Proposed natural gas dock cheered State welcomes what many fear is a target nola.com Saturday, August 14, 2004 By Michael A. Mohammed
Staff writer
Though similar proposals around the country have touched off angry debates, a hearing on a liquefied natural gas terminal proposed for a site 16 miles off the Louisiana shore generated nothing but optimism and support Thursday.
The public meeting was the second of three in the yearlong permitting process for McMoRan Exploration's planned $500 million conversion of its dormant Main Pass sulfur mine into a facility to dock and unload massive LNG tankers and to regassify and store the fuel.
The project would require extensive overhauls to the facility, including two new semisubmerged platforms for mooring a tanker, the creation of massive caverns for gas storage in the salt dome below the platform, and regassification equipment. Still, given the intense U.S. demand for gas, McMoRan hopes to have the work completed within two years of receiving the construction permit.
Main Pass is a particularly attractive location because of the platform and salt dome it sits on, McMoRan Chairman James "Jim Bob" Moffett said.
The cheap, plentiful storage allowed by the dome will make the facility even more lucrative, he said, because it "lets you get a long-term buyer who can pay you for the storage and use it when he needs it."
Elsewhere in the country, however, local leaders have railed against LNG importation because of the fear of possible terrorist attacks on the massive fuel-filled ships. In Boston, for example, ever since the Sept. 11 attacks, a public battle has raged between Mayor Thomas Menino and LNG importers seeking to use the terminal in Everett, Mass. Critics fear that if a ship was attacked it would wipe out much of downtown Boston.
But Mayor Ray Nagin, who was at Thursday's meeting, shrugged off the fears, saying that local industry expertise makes him confident of the tankers' safety.
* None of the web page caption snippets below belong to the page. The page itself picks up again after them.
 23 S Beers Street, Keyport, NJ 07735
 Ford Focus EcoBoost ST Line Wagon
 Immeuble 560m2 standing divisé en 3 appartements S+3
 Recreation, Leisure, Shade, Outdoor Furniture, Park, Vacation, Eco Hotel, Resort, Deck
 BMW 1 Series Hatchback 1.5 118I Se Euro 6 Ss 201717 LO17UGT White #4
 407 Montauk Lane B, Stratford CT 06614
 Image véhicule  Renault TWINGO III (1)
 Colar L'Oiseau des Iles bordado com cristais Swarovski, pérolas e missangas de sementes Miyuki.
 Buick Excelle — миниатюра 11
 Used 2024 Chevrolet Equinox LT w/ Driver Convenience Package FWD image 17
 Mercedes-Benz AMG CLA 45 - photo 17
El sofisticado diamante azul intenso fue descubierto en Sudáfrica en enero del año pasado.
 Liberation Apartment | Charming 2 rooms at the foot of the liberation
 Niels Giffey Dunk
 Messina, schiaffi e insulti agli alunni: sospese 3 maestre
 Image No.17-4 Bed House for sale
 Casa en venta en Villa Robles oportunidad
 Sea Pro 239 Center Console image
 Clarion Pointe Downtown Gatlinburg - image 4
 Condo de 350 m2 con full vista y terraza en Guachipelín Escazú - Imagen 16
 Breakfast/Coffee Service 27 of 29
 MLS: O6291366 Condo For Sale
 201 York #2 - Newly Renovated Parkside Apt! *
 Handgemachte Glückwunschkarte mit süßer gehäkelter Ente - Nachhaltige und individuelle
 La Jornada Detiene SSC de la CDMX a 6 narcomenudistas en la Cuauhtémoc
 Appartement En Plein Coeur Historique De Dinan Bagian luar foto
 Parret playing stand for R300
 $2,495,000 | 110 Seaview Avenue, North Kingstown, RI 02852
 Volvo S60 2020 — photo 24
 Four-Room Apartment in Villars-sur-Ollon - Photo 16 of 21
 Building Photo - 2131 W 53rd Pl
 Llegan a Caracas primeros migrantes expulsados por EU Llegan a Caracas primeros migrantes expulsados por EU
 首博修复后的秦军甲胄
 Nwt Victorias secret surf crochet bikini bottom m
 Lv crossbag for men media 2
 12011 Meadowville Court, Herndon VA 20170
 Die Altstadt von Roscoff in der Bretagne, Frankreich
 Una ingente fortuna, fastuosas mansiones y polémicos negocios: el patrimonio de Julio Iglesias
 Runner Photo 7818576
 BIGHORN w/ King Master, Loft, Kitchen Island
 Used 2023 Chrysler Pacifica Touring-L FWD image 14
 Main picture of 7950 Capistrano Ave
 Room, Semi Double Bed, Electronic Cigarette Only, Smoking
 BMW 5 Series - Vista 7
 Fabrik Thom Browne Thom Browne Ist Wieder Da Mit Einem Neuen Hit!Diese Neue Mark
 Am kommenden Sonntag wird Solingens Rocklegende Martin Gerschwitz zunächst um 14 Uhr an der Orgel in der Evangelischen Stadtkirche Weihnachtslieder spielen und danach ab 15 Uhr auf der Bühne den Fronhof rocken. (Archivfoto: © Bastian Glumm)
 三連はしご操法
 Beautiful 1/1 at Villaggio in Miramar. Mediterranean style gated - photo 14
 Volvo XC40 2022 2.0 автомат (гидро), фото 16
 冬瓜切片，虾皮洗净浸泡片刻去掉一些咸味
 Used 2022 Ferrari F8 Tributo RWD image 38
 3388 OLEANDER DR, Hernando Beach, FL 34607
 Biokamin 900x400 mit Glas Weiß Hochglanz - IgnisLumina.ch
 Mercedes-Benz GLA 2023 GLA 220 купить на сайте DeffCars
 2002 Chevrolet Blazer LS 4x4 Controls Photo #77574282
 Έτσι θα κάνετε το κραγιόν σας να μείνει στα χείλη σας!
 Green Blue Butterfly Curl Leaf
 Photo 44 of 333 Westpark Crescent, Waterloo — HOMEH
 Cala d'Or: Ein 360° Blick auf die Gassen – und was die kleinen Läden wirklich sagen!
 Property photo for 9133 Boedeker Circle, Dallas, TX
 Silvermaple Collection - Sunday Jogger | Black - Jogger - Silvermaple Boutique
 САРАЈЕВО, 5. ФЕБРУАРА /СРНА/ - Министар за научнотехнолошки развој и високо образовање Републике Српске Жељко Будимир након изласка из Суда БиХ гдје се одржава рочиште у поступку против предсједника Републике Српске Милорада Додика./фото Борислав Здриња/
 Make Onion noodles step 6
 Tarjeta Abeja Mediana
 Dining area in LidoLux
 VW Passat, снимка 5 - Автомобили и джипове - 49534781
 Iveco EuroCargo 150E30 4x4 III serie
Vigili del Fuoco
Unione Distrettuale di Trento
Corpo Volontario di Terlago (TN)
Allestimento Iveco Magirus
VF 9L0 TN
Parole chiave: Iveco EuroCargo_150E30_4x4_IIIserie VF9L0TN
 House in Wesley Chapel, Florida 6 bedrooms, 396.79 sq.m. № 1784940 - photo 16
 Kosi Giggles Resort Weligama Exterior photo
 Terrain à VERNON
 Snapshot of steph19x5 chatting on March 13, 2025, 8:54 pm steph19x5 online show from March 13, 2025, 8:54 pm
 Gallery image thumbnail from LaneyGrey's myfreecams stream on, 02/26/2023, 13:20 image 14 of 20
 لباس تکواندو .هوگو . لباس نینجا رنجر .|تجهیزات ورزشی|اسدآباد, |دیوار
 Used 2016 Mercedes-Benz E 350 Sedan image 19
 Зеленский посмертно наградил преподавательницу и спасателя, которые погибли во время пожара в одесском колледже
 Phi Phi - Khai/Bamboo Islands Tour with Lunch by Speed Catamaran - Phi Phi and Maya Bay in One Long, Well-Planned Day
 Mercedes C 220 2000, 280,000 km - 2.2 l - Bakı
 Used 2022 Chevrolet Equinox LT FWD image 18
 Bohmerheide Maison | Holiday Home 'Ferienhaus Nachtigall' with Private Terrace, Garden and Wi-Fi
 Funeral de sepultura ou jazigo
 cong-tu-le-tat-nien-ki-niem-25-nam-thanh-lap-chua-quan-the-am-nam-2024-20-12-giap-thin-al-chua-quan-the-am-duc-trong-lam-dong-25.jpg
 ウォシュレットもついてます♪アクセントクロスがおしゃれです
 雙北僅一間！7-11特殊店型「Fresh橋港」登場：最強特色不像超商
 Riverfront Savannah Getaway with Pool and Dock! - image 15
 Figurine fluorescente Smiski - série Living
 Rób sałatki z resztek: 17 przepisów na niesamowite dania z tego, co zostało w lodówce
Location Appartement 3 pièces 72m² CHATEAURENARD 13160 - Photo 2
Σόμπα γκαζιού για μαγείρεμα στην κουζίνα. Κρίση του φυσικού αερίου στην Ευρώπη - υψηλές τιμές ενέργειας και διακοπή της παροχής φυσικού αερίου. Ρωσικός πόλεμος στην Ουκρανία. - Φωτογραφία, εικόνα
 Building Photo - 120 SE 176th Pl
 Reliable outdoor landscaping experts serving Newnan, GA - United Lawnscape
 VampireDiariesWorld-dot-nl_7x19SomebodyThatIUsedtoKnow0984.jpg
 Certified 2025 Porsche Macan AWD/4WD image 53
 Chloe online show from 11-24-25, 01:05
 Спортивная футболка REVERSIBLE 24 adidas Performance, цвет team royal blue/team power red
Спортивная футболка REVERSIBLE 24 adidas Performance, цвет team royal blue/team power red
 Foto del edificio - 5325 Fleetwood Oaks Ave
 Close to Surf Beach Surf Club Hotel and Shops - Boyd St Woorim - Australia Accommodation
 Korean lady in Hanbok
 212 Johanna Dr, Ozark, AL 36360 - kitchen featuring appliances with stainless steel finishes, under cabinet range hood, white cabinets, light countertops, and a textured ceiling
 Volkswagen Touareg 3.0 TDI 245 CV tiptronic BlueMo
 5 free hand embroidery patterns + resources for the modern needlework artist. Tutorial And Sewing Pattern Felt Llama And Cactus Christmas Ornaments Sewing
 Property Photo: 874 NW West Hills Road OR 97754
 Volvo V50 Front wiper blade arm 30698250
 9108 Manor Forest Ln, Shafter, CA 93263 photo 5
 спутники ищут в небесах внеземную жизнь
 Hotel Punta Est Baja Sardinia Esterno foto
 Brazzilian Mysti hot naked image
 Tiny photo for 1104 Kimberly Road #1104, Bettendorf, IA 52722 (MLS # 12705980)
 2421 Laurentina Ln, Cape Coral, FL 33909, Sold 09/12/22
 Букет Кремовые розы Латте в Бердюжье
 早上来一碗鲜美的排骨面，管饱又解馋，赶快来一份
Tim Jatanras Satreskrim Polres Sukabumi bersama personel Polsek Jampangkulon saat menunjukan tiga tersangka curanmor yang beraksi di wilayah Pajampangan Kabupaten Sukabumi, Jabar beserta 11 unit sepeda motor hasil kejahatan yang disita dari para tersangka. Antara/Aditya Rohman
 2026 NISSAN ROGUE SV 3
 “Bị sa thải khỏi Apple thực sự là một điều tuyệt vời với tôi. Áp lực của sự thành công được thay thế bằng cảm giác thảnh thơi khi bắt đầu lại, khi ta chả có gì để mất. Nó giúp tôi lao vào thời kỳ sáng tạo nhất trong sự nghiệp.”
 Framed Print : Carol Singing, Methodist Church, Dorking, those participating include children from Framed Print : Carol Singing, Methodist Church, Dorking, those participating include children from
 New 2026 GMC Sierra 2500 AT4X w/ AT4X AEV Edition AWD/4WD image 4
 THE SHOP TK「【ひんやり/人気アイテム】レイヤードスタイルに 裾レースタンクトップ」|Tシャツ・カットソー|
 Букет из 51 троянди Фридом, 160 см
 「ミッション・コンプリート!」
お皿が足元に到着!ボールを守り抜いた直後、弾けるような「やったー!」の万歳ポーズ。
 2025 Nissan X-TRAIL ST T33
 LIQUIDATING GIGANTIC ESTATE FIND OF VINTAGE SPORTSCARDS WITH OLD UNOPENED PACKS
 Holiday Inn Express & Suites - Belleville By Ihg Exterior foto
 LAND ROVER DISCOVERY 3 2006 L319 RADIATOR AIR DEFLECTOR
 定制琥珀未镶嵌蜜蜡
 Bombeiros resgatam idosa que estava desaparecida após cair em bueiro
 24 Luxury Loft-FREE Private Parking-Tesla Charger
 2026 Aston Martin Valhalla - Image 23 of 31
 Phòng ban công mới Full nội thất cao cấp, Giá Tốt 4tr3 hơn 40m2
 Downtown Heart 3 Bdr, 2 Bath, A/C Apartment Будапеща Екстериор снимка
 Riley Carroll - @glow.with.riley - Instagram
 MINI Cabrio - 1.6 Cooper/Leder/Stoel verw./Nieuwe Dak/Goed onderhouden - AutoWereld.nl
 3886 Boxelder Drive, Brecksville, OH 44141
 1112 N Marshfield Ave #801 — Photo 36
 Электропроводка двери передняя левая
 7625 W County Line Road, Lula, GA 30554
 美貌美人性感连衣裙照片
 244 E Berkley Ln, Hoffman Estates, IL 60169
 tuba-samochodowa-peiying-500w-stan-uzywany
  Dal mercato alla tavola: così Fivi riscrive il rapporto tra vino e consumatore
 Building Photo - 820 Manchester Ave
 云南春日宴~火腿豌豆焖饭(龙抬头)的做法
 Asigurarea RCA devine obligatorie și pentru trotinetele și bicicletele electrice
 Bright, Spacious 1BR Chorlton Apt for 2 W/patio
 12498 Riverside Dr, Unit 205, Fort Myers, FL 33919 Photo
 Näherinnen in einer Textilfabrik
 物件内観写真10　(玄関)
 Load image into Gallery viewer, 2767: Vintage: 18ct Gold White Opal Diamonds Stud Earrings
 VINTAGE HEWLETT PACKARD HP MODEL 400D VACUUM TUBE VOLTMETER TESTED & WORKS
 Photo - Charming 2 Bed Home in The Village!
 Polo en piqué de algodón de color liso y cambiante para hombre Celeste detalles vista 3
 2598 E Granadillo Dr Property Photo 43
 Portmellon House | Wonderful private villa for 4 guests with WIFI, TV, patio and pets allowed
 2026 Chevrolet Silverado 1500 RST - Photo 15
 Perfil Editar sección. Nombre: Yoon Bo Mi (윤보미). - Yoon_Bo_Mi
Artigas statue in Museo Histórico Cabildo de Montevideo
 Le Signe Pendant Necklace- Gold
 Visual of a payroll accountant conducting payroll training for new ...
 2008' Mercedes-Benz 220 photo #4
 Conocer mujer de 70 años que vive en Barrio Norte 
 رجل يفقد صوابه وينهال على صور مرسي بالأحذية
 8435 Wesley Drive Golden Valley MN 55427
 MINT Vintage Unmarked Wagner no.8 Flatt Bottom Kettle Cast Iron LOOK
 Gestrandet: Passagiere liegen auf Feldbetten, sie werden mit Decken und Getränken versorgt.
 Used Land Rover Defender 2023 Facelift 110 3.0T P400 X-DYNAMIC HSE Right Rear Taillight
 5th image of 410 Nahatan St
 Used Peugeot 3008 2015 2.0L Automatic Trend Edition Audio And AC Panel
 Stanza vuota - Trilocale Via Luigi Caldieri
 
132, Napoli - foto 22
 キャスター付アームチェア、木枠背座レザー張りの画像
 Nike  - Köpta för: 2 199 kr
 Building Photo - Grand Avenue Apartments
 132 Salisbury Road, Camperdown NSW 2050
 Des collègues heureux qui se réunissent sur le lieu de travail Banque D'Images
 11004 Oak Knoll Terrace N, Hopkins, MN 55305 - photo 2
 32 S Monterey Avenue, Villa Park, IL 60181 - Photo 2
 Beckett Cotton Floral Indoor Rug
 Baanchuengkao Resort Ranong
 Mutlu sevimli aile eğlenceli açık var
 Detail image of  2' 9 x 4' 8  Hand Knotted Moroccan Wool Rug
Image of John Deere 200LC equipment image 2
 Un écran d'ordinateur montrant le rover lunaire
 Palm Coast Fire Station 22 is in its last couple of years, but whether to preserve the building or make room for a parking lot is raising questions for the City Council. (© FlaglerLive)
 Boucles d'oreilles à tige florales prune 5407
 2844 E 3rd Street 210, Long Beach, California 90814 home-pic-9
"Louisiana industries have a history of dealing with petrochemicals without incident," he said.
Scott Kirkpatrick, energy adviser to Louisiana Gov. Kathleen Blanco, said Louisianians are accustomed to living and working around petrochemicals.
"We are used to working around oil and natural gas, around large facilities and large ships," he said.
The project has gained urgency from the many people and industries with a large stake in lowering the price of natural gas.
The chemical industry is at the front of that crowd, because it suffers from high prices on two counts: it often uses the gas as a major raw material for some chemicals, like ammonia and methanol, and it needs the gas to power furnaces and provide electricity.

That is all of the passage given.